Judge advocate of the Fleet. 

The judge advocate of the fleet is a practising barrister 
whose function it is to advise the admiralty on all matters 
connected with courts-martial.  Though section 61 of the 
Naval Discipline Act 1866 recognizes the possibility of his 
presence at a court-martial, he does not nowadays attend, 
but is represented by his deputy or by an officiating deputy 
judge advocate appointed ad hoc by the admiralty, the 
commander-in-chief of the fleet or squadron who convenes 
the court-martial, or, if no such appointment is made, 
by the president of the court-martial.  But though the 
judge advocate of the fleet does not actually attend the 
courts-martial very responsible duties are imposed upon 
him.  By a minute of the Board passed in 1884 (which is still 
in force) all proceedings of courts-martial on officers and 
men of the royal navy, excepting those where the prisoner 
pleads guilty and no evidence is taken, are to be referred to 
him, with a view to the consideration of (a) the charge, 
(b) the evidence on which the finding is based, and (c) 
the legality of the sentence, and he writes a minute on each 
case for the information of the lords commissioners of the 
admiralty with regard to these points.  He has no power to 
modify a sentence, a power which is reserved to the admiralty 
by sec.  53 (1) of the Naval Discipline Act 1866, except in the 
case of a death sentence, which can only be remitted by the 
crown.  All cases where the prisoner has pleaded guilty are 
examined in the admiralty, and if in any case there is any 
reason to think that there has been any informality or that 
the prisoner has not understood the effect of his plea, such 
case is submitted to the judge advocate of the fleet for his 
opinion.  The judge advocate of the fleet receives no 
fees but is remunerated by a salary of L. 500 per annum. 

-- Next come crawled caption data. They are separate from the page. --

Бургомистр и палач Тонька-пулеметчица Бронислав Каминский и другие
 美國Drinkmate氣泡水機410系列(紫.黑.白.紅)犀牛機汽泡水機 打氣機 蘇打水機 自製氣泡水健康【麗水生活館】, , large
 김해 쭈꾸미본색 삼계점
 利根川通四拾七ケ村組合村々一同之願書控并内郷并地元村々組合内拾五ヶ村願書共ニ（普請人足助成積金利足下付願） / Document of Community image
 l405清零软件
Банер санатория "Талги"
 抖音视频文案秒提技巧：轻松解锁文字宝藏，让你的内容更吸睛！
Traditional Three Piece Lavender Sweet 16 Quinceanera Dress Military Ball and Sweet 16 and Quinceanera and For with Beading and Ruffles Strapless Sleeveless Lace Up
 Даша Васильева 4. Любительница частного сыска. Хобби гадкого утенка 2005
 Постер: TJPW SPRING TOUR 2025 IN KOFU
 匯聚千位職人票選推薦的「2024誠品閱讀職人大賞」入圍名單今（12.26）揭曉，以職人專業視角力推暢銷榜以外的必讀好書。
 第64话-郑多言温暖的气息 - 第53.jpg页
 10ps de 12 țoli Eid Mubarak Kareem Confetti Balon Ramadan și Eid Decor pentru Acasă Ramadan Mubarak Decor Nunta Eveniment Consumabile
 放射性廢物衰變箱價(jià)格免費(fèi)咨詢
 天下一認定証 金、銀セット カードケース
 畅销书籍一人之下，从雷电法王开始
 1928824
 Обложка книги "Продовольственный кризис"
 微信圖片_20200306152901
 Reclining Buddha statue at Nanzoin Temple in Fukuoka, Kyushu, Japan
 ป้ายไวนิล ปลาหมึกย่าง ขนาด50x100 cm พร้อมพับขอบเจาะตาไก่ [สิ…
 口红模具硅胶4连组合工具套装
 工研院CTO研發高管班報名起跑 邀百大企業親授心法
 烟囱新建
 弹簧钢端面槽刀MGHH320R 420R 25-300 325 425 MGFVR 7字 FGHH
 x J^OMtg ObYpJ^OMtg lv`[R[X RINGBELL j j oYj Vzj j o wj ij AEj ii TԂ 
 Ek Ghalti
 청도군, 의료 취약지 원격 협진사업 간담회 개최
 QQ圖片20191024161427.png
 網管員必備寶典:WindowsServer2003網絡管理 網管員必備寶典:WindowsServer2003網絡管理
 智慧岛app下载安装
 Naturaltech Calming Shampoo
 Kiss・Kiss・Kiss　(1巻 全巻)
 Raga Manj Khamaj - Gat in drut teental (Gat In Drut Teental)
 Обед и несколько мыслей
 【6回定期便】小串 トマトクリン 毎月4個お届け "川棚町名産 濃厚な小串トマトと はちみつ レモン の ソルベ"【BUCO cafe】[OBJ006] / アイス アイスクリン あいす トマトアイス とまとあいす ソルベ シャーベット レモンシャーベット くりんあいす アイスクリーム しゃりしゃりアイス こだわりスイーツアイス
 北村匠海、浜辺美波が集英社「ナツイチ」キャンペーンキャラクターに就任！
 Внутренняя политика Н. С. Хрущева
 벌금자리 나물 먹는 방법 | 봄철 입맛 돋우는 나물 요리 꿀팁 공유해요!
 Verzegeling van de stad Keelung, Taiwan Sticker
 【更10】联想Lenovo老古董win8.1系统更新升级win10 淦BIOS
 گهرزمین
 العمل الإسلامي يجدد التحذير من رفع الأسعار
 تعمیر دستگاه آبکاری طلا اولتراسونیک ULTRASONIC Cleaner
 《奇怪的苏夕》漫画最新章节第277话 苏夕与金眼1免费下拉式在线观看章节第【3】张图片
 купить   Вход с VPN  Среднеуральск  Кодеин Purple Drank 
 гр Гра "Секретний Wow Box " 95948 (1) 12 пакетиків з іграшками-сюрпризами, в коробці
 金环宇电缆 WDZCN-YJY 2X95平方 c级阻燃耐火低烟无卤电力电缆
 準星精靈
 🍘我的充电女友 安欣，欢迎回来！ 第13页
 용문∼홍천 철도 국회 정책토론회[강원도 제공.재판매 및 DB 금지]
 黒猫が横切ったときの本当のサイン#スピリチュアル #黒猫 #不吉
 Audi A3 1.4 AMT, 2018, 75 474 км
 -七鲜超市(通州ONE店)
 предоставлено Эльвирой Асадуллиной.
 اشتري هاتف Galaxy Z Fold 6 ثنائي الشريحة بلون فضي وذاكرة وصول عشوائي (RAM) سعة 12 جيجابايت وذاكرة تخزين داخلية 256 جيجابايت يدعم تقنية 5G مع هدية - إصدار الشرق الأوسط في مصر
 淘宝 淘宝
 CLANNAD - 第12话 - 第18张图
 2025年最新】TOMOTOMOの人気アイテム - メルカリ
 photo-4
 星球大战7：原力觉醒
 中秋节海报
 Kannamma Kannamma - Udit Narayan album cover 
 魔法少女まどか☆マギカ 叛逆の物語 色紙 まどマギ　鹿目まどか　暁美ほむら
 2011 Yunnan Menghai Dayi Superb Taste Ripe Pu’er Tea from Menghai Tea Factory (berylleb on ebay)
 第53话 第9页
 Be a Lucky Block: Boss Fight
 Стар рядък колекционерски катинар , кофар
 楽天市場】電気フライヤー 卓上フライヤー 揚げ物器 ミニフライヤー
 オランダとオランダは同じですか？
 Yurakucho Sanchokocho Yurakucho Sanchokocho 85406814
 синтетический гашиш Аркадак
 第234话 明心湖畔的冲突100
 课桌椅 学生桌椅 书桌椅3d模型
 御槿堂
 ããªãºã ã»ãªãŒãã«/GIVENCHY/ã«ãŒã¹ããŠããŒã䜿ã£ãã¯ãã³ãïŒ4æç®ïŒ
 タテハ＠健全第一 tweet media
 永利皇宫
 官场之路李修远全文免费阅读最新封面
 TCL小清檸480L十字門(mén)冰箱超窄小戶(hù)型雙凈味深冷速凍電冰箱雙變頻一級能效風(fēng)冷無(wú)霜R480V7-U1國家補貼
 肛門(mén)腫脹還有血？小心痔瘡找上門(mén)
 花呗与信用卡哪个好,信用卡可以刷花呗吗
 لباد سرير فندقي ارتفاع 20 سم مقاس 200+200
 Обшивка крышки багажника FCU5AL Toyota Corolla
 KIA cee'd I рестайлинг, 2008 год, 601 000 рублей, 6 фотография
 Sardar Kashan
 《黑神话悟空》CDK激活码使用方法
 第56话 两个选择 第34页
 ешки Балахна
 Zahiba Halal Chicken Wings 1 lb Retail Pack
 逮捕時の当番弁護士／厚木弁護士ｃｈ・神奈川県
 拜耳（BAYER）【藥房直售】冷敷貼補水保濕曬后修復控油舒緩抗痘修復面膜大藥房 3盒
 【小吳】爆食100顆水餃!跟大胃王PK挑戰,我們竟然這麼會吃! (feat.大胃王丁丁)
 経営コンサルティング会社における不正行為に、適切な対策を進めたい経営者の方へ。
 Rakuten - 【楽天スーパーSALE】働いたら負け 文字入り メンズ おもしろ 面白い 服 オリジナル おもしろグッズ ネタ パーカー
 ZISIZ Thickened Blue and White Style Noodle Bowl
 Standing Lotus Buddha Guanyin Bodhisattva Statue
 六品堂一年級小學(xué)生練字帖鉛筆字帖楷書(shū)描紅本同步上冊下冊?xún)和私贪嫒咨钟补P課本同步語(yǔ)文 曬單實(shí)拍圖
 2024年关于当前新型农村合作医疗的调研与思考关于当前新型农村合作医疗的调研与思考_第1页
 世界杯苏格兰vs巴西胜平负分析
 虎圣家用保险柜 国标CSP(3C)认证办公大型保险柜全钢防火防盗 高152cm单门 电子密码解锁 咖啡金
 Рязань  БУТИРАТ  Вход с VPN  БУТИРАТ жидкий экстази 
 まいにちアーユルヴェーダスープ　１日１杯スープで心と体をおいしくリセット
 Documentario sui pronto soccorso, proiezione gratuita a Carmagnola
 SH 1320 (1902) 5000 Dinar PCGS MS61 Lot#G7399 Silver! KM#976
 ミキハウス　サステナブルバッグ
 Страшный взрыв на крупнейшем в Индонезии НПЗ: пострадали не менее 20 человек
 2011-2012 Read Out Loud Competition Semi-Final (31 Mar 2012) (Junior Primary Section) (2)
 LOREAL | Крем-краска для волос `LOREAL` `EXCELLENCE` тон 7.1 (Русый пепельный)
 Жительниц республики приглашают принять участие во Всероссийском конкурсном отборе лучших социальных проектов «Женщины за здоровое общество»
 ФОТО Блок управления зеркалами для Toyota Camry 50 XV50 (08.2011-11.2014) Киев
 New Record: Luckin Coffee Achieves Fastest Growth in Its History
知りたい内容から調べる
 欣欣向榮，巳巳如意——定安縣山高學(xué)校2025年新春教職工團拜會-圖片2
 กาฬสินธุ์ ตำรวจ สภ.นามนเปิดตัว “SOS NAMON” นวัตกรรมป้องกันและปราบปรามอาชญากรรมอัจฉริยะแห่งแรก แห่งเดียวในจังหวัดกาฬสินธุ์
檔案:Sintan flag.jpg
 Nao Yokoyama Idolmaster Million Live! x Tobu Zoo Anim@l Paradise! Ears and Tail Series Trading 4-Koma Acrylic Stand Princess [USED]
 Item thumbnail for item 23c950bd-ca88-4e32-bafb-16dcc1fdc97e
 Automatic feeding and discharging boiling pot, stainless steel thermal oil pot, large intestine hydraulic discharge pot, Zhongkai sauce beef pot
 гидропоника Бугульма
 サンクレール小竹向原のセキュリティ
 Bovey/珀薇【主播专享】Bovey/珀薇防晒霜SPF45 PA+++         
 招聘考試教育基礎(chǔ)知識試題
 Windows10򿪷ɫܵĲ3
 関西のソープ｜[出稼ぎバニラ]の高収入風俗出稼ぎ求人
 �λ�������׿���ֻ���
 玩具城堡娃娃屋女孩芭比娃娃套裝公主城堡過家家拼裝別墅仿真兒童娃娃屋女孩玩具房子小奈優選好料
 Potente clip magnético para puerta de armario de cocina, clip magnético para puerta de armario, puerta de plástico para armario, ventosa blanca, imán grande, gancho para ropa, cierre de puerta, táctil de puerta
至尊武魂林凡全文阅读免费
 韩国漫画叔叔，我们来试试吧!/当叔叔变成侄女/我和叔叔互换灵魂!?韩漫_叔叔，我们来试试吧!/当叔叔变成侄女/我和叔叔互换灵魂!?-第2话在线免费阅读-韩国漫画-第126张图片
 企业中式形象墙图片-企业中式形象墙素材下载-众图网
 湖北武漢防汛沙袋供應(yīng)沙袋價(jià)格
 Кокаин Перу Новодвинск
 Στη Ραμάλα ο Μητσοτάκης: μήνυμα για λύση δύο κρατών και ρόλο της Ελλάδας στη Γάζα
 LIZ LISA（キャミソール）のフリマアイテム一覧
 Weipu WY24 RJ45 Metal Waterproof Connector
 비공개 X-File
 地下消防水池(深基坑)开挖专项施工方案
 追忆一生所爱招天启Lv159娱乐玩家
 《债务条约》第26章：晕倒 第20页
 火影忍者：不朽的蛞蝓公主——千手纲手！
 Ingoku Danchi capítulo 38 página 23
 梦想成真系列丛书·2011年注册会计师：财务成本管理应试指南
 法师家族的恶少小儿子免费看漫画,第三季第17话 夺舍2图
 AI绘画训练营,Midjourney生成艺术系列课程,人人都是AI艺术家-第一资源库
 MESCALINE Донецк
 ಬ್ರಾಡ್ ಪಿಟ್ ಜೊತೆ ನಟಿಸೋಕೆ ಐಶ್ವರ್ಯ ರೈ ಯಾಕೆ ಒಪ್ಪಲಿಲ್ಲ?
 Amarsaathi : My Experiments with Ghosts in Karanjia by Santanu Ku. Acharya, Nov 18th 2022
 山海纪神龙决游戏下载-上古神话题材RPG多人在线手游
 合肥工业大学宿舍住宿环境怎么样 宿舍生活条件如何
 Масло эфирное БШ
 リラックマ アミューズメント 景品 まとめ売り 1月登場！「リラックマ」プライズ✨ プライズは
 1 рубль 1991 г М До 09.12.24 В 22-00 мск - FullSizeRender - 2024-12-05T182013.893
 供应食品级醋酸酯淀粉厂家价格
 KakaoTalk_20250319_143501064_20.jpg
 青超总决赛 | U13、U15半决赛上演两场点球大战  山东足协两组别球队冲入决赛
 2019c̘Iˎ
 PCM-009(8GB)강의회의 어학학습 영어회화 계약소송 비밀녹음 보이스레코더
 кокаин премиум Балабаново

The existence of a deputy judge of the fleet appointed by 
the admiralty has been recognized by the king's regulations, 
but no such officer had been appointed up to 1908. 

In accordance with the provisions of sec.  61 of the Naval Discipline 
Act 1866, in the absence of the judge advocate of the fleet and 
his deputy, an officiating judge advocate is appointed for each 
court-martial.  His duties are described in detail by the king's 
regulations, but may be summed up as consisting of seeing that 
the charges are in order, pointing out any informalities or 
defects in the charges or in the constitution of the court, 
seeing that any witness required by prosecutor or prisoner is 
summoned, keeping the minutes of the proceedings, advising 
on matters of law which arise at any time after the warrant 
for the court-martial is issued, drawing up the findings and 
sentence, and forwarding the minutes when completed to the 
admiralty.  The officiating judge advocate is usually the 
secretary of the flag-officer convening the court-martial or 
some other officer of the accountancy branch.  He is remunerated 
for his services by a fixed fee for each day the court sits. 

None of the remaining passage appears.